**Entries supplied**
_ _ _ _ _

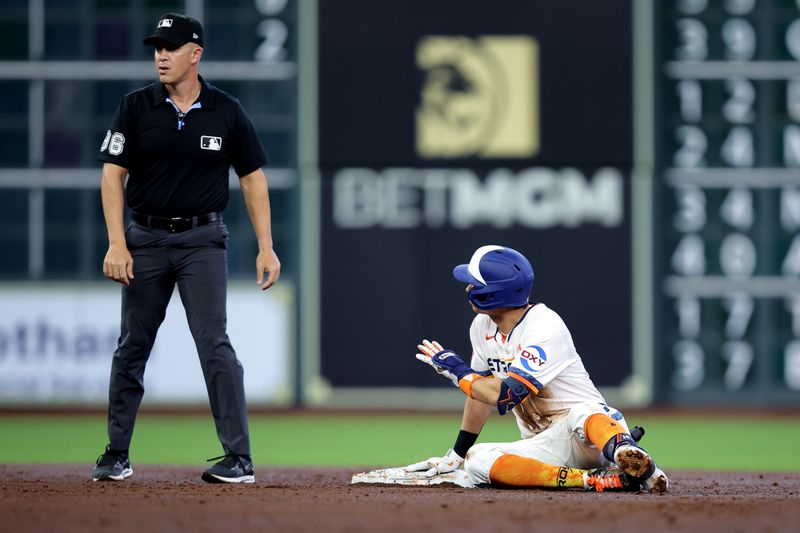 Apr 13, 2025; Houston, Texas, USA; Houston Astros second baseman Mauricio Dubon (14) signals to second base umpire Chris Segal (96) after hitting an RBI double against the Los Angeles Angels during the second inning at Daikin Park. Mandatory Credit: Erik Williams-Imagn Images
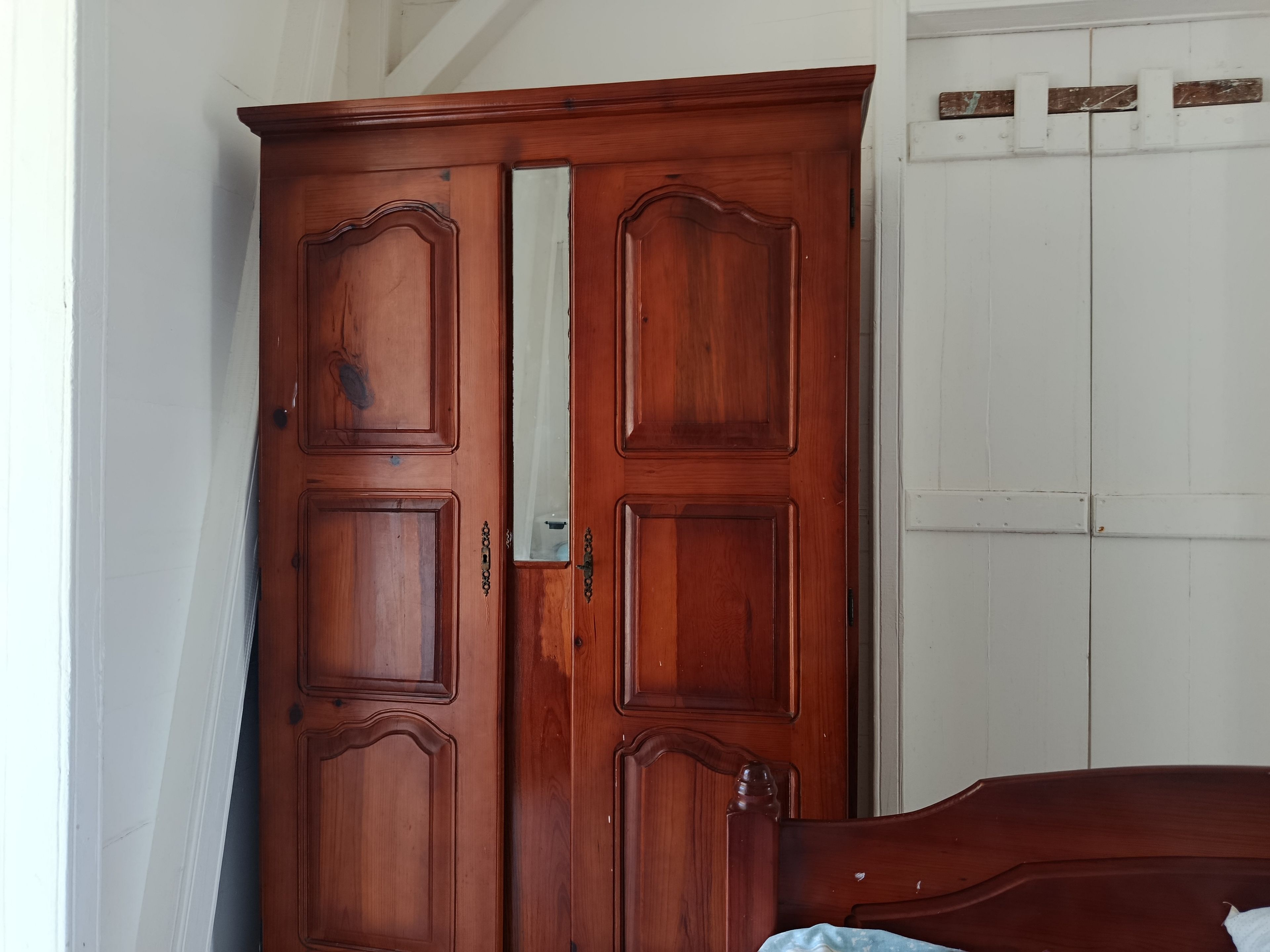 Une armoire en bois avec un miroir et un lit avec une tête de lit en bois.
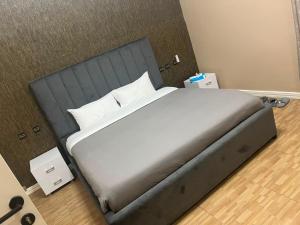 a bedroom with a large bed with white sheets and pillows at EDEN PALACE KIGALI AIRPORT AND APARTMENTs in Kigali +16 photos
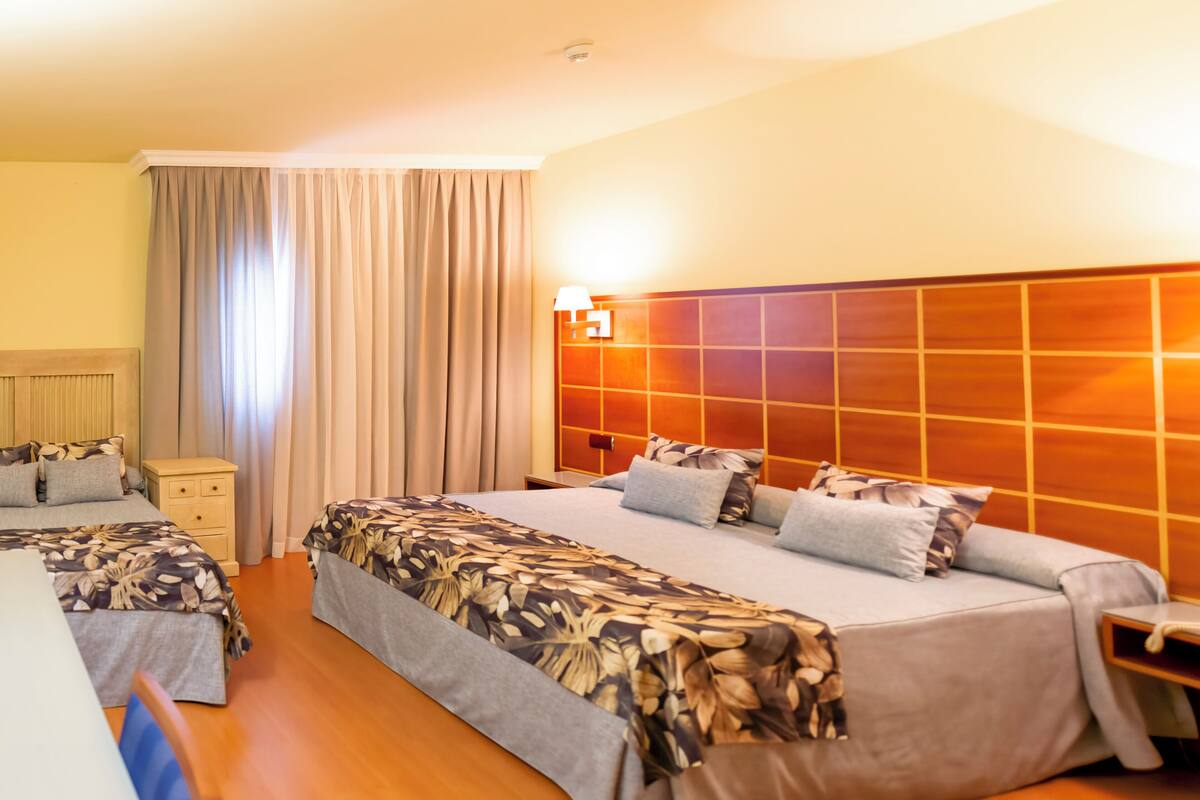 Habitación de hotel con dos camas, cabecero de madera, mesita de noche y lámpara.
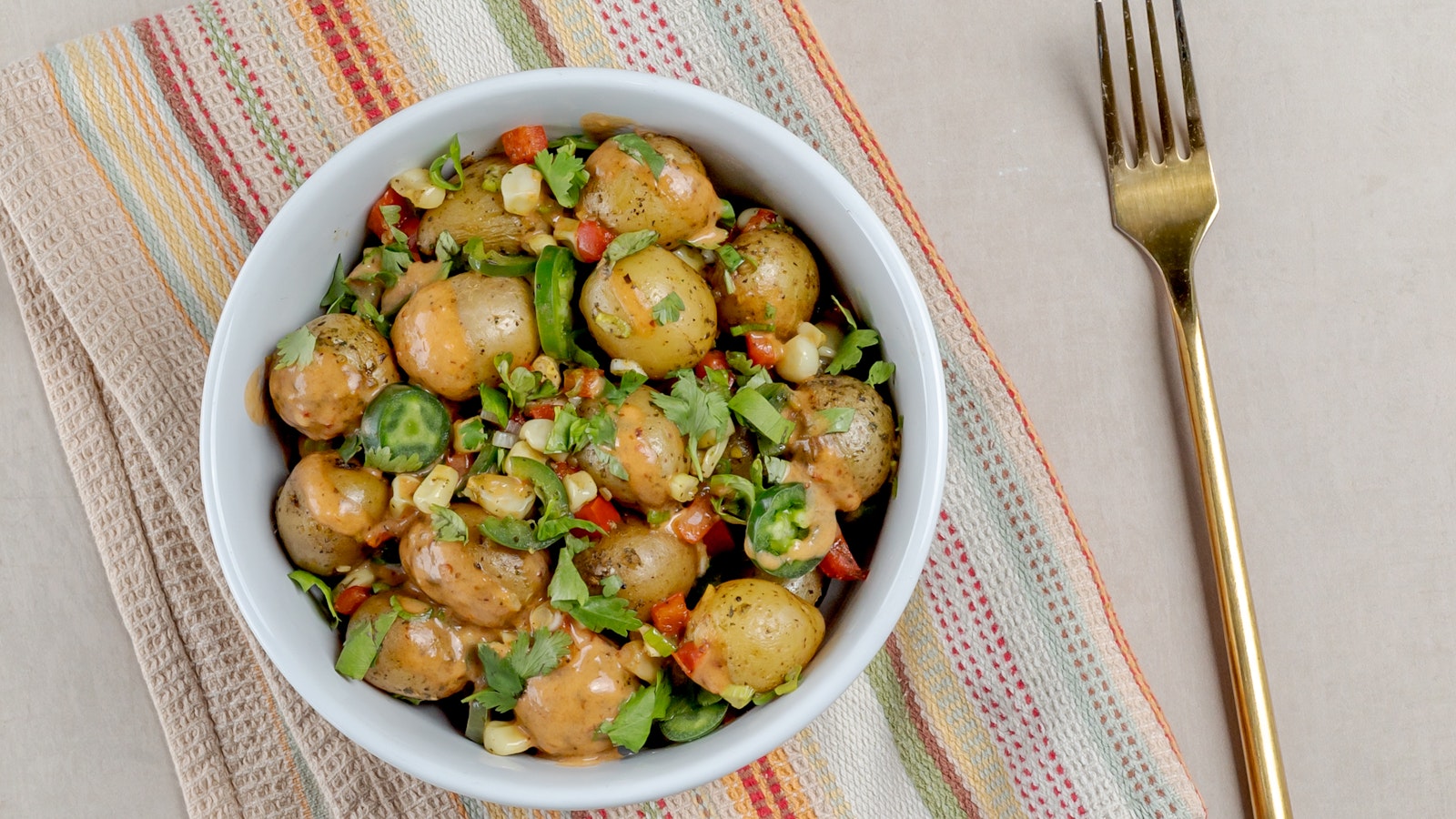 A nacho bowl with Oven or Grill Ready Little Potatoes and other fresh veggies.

_ _ _ _ _

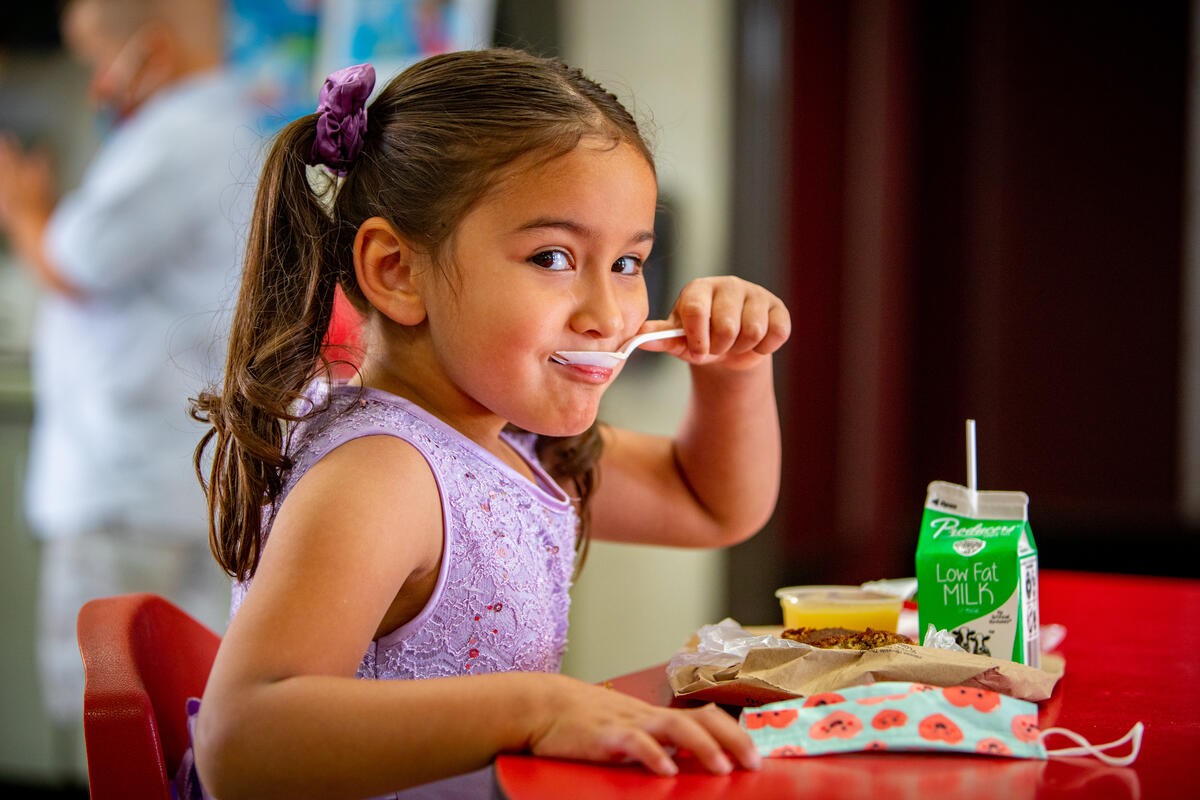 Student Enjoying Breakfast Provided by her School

_ _ _ _ _

**What to work on**
Working from the data above, repeat exactly, and only, the lines that begin at the line containing "Habitación de hotel" and stop after the line containing "A nacho bowl"; pictures are not copied.

**Exercise output**
 Habitación de hotel con dos camas, cabecero de madera, mesita de noche y lámpara.
 A nacho bowl with Oven or Grill Ready Little Potatoes and other fresh veggies.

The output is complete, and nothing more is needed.